Masa Remaja Yang Penuh Warna (5-habis)

Other

by Arif Budi Setyawan

Demikianlah warna-warni pemikiran saya dalam dunia pergerakan pada saat itu. Ada warna kelompok ‘jaringan pesantren’, ada warna PKS, ada warna Jamaah Tabligh, ada warna Muhammadiyah, ada sedikit warna NU dan juga HTI.

Tapi dalam kehidupan sehari-hari saya juga masih seperti remaja pada umumnya. Masih suka nonton TV, nonton film, baca komik, ngefans klub sepakbola, nonton MotoGP, balap Formula 1 mendengarkan musik sekedarnya, dll.

Acara TV favorit saya adalah dokumenter semacam Planet Animal dan Discovery Channel yang pernah ditayangkan hampir setiap hari oleh stasiun TV TPI pada masa itu. Untuk komik saya suka serial Dragon Ball dan Detektif Conan yang biasa saya sewa dari tempat persewaan komik dan novel di kota. Saya ingat tarifnya yang hanya Rp. 300 per komik/novel untuk masa sewa 2 x 24 jam. Saya juga fans Juventus, Liverpool, Mika Hakkinen dan Juan Pablo Montoya (F1), dan Valentino Rossi (motoGP).

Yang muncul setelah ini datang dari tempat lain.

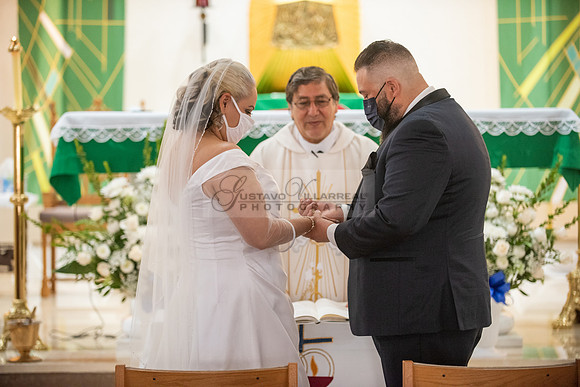 Gloria and Marco wedding celebration at Our Lady of Perpetual Church in Whittier Ca, photography by Gustavo Villarreal photography 323-633-8283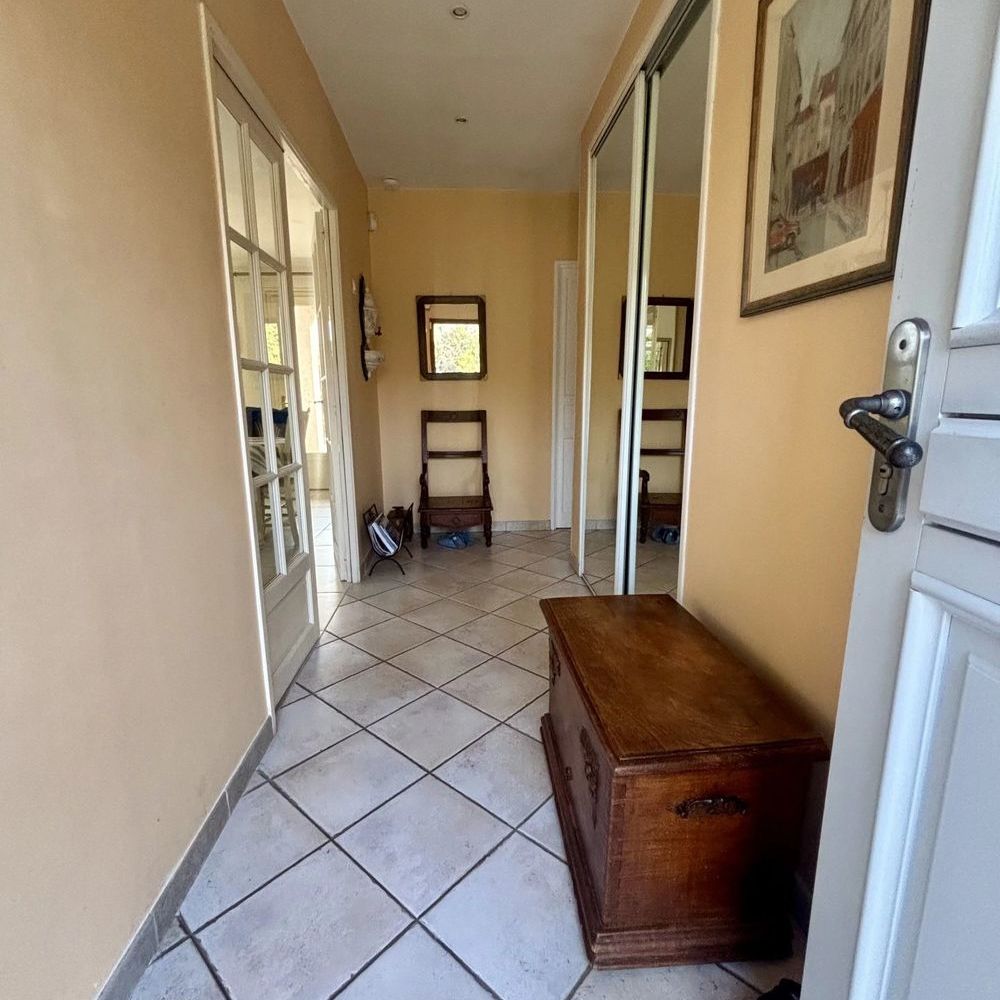 � vendre  Maison Tourrettes (83440)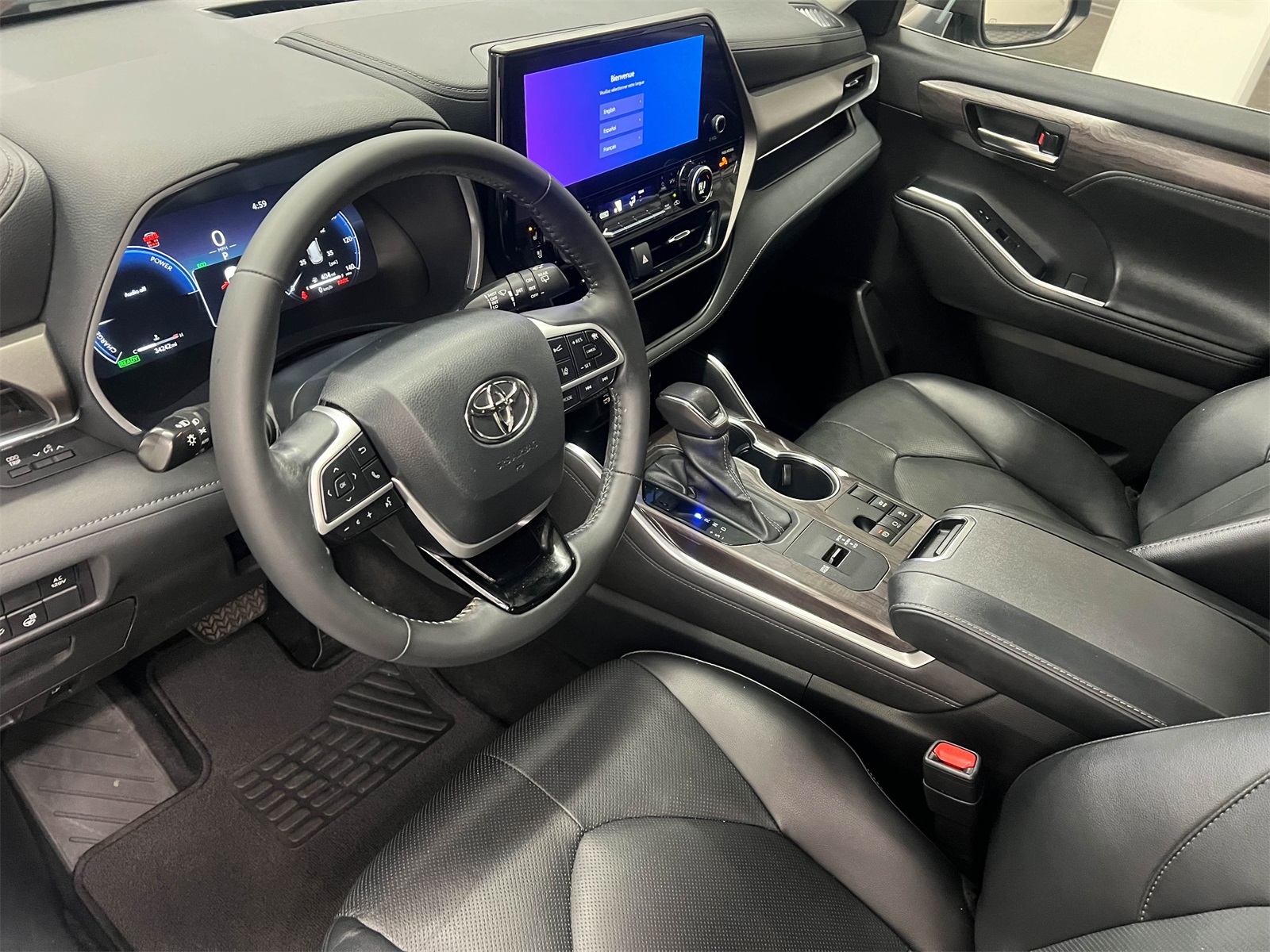 used 2023 Toyota Highlander Hybrid car, priced at $42,995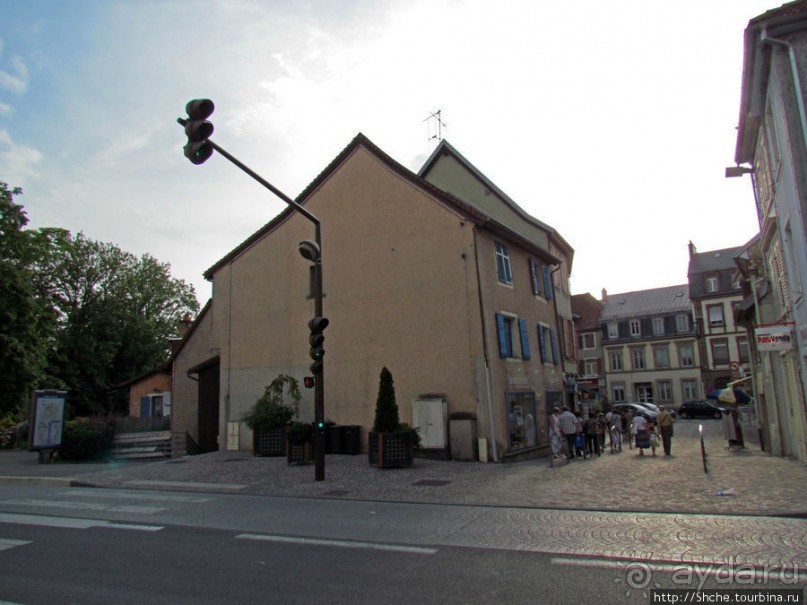 Монбельяр, Монбельяр - городок не велик и не мал...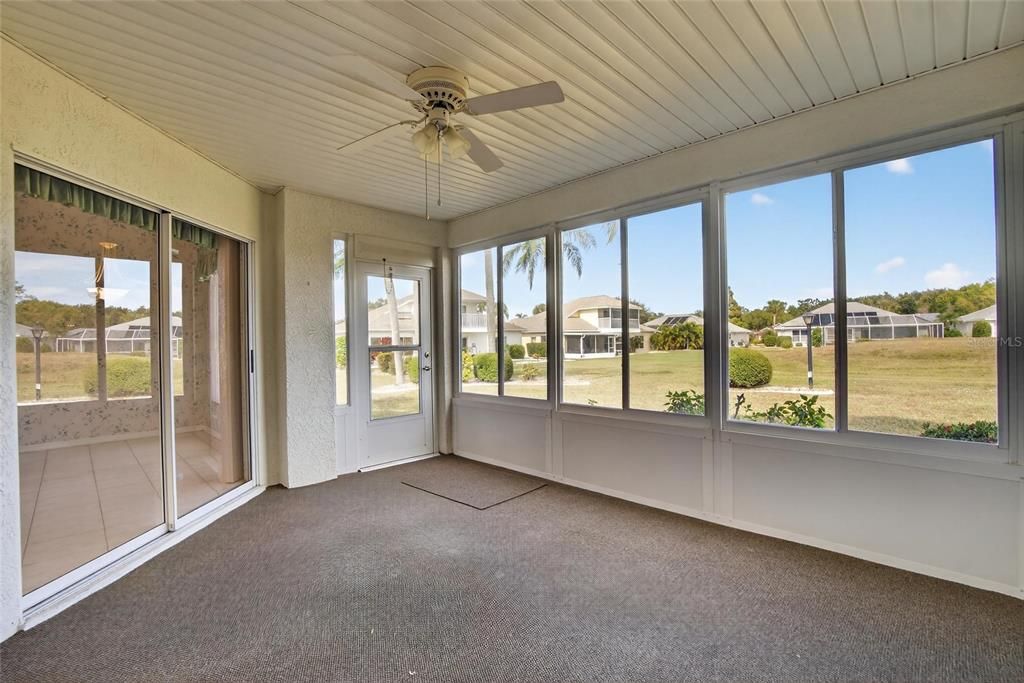 Под контрактом: $259,900 (2 спален, 2 ванн, 1362 Квадратных фут)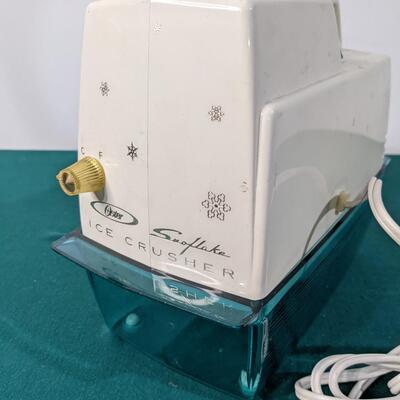 Vintage Oyster Snowflake Ice Crusher
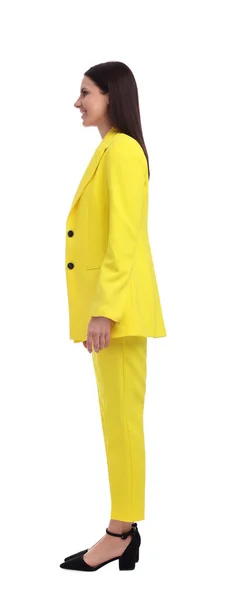 Businesswoman Žlutém Obleku Stojící Bílém Pozadí — Stock fotografie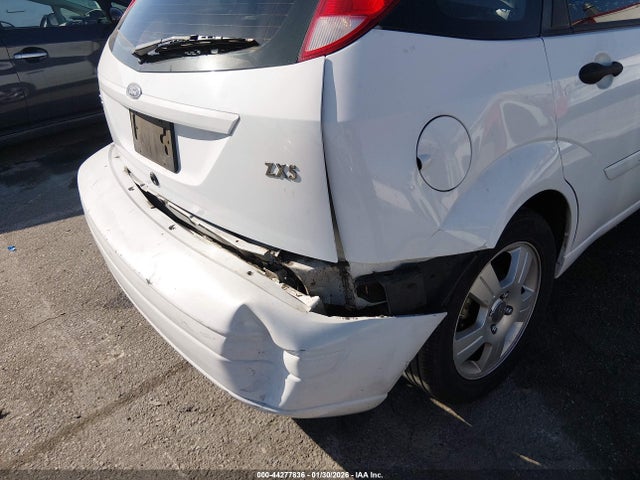2003 FORD FOCUS 3FAFP37Z03R163690 Photo 5
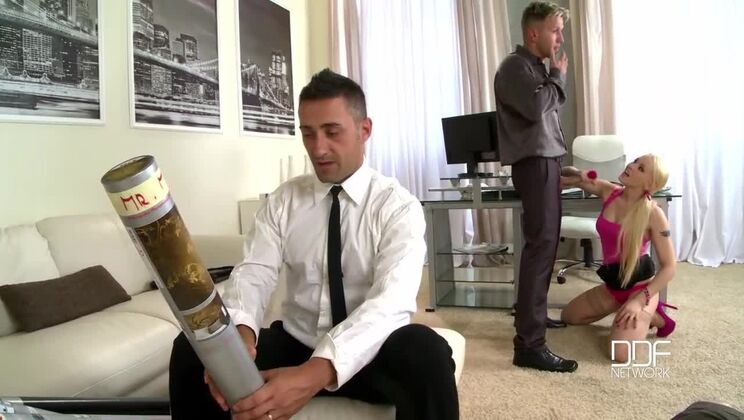 [HandsOnHardcore] - Lola Taylor's Stocking Seduction - Lola Taylor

Untuk musik saya suka pop, klasik, dan rock alternatif. Tetapi karena karya musik klasik tak sepopuler pop dan rock alternatif, jadinya mulai pudar seiring berjalannya waktu. Untuk penyanyi Indonesia saya suka Bimbo, Ebiet, Fadly Padi, Faang Wali, dan satu-satunya penyanyi wanita yang saya suka suaranya : Siti Nurhaliza.

Untuk aktivitas olahraga favorit saya adalah bersepeda keliling kota di sore hari, makanya saya lebih hapal seluk beluk kota dari ibu kost saya…hehehe.

Di sekolah saya juga bisa bergaul dengan baik dengan anak-anak SMK yang pada masa itu identik dengan geng, tawuran, merokok, pacaran, dll. Saya tidak merokok, tidak kenal pacaran, tapi soal geng saya ikut ngumpul mereka di terminal kalau pas mau pulang seminggu sekali.

Uniknya, ketika saya ngumpul bersama mereka, mereka banyak yang kemudian mematikan rokoknya untuk menghormati saya. Memang di kelas saya cukup disegani sebagai ketua kelas, pengurus OSIS, aktivis rohis, dan murid kesayangan beberapa guru pengajar, tapi saya tetap gaul dengan mereka. Saya selalu menjadi langganan mereka pinjam alat tulis jika ada yang lupa bawa yang memang sengaja saya sediakan lebih untuk antisipasi membantu teman-teman. Kadang ada juga yang pinjam uang buat ongkos naik angkutan ketika kehabisan uang saku karena keperluan tak terduga.

Geng sekolah saya saat itu adalah penguasa terminal, tidak ada yang berani dengan geng kami. Pernah kejadian ada kawan kami yang memang kalau di terminal suka menyendiri dipalakin anak SMK lain, terus besoknya kami datangi rame-rame tuh anak yang malakin, dibilangnya oleh ketua geng kami : “ ini kawan kami, jangan dipalak lagi. Nggak lihat apa di bahunya ada badge tulisan SMK kami ha ?”

Si pemalak langsung ketakutan dan bilang, “ ampun mas, saya nggak tahu kalau dia satu SMK sama sampean”. Wah, hebat bener nih geng sekolahku…begitu pikir saya waktu itu.

Begitulah saya. Di satu sisi saya adalah aktivis muda lintas kelompok pergerakan, mantan santri, tapi di sisi lain saya juga masih seperti para remaja seusia saya yang lain. Saya mengenal dan mengidolakan ‘Abdullah ‘Azzam dan Usamah bin Ladin, tapi saya juga punya tokoh pembalap favorit, tim sepakbola favorit, penyanyi favorit, acara TV favorit, punya geng sekolah,dll.

Saya jujur mengakui semuanya apa adanya dan saya tidak perlu malu mengungkapkannya. Biar saja beberapa orang mungkin akan mentertawakan saya, tapi saya ingin agar orang tahu bahwa seorang jihadis juga bisa memiliki kehidupan yang penuh warna di masa remajanya. Biarlah orang menyimpulkan menurut pemahamannya masing-masing. Sekali lagi saya hanya ingin menunjukkan sisi lain dari diri saya yang pernah menjadi jihadis radikal, agar orang mendapat gambaran yang lebih lengkap tentang diri saya.